Black Royalty and Joy in Latin America
Miguel Valerio, our guest in this episode of Race Beyond Borders, tells us that he has been read and racialised differently in his travels across Latin America. In Brazil, he is read as Black, he says. Elsewhere, when he mentions he is from the Caribbean, people assume he is Cuban. In his native Dominican Republic, he was classified white at birth — a legacy of the country’s “race along national line dynamic,” Valerio says.
“If you’re Black [in the Dominican Republic], you’re Haitian and you’re not Dominican,” he adds.
A scholar of the African diaspora in Latin American and the Iberian Peninsula, Valerio says he began to experience a racial awakening when he left the Dominican Republic at the age of 10.
“I was aware of being Hispanic or Latino, but not aware of being Afro-Latino,” he says.
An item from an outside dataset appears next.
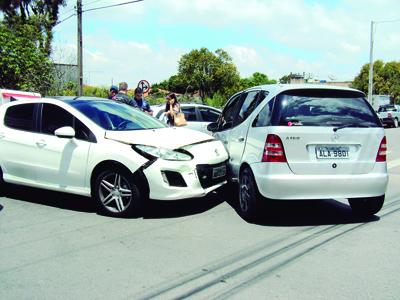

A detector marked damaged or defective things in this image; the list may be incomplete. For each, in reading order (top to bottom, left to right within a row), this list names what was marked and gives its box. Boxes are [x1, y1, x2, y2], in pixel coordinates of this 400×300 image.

crumpled hood [104, 127, 214, 149]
Becoming aware of who he is as a product of history piqued Valerio’s interest in his field of study. He recalls reading, as a PhD student, a 16th-century text about a public festival in Mexico City. The text mentioned Black people making an entrance with their king and queen. So seldom are Afro-Mexicans mentioned in historical publications that that one line sent Valerio on a nearly decade-long journey to find more instances of these public performances of Black royalty in Mexico and elsewhere in Latin America. His book, Sovereign Joy: Afro-Mexican Kings and Queens, 1539 to 1640, makes sense of what he found.
“I love the idea of Black royalty in an anti-black world,” Valerio says. “In the cases I study in Mexico, several are very close to instances of Afro-Mexicans being accused of electing a king, and sometimes a king and a queen, to overthrow the Spanish government.”
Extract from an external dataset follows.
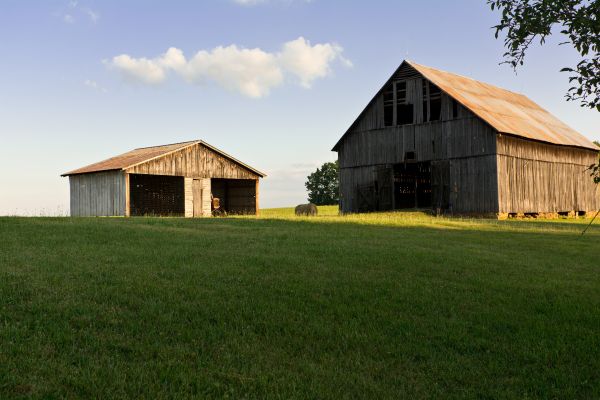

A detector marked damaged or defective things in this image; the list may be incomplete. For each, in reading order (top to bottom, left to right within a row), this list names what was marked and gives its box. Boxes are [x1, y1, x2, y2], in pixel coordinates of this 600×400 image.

rusty metal roof [332, 60, 600, 151]
rusty metal roof [62, 141, 266, 177]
“I love the idea of Black royalty in an anti-black world.”
“There is a lot of symbolism and political implications for these performances in a world where Black people are at the bottom of the social stratum,” he adds.
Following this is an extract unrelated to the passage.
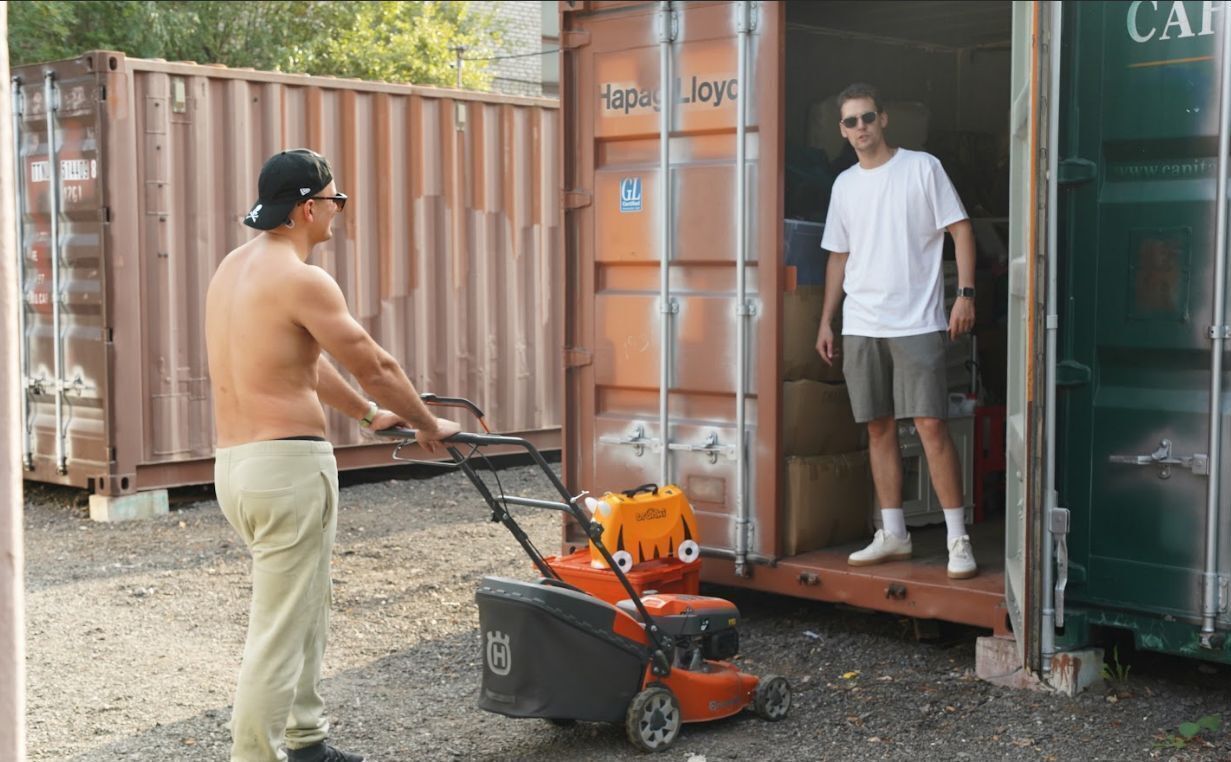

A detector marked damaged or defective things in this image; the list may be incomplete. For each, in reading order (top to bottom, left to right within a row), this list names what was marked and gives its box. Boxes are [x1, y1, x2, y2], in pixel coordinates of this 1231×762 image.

rusty shipping container [15, 52, 563, 494]
rusty shipping container [561, 0, 1231, 684]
Valerio says there are connections, often forgotten, between these historical expressions of Black resistance, sovereignty and joy, and the formation of Mexico. An example of this is Mexico’s San Lorenzo de los Negros, Valerio says. It is known today as Yanga — named after Gaspar Yanga, an enslaved African who escaped with others and built a community that resisted Spanish attacks and survived for decades.
Today’s struggles for Black political inclusion in Mexico, the Dominican Republic and elsewhere in Latin America echo this history, Valerio says. From media to politics, Black people are still struggling for representation and inclusion — yet there exists a persistent narrative that everyone in Latin America is mixed and, therefore, racism does not exist. A lot of work remains to challenge this narrative. Reckoning with race in Latin America, Valerio shows, requires an understanding of the histories of Blackness in the region that defy expectations.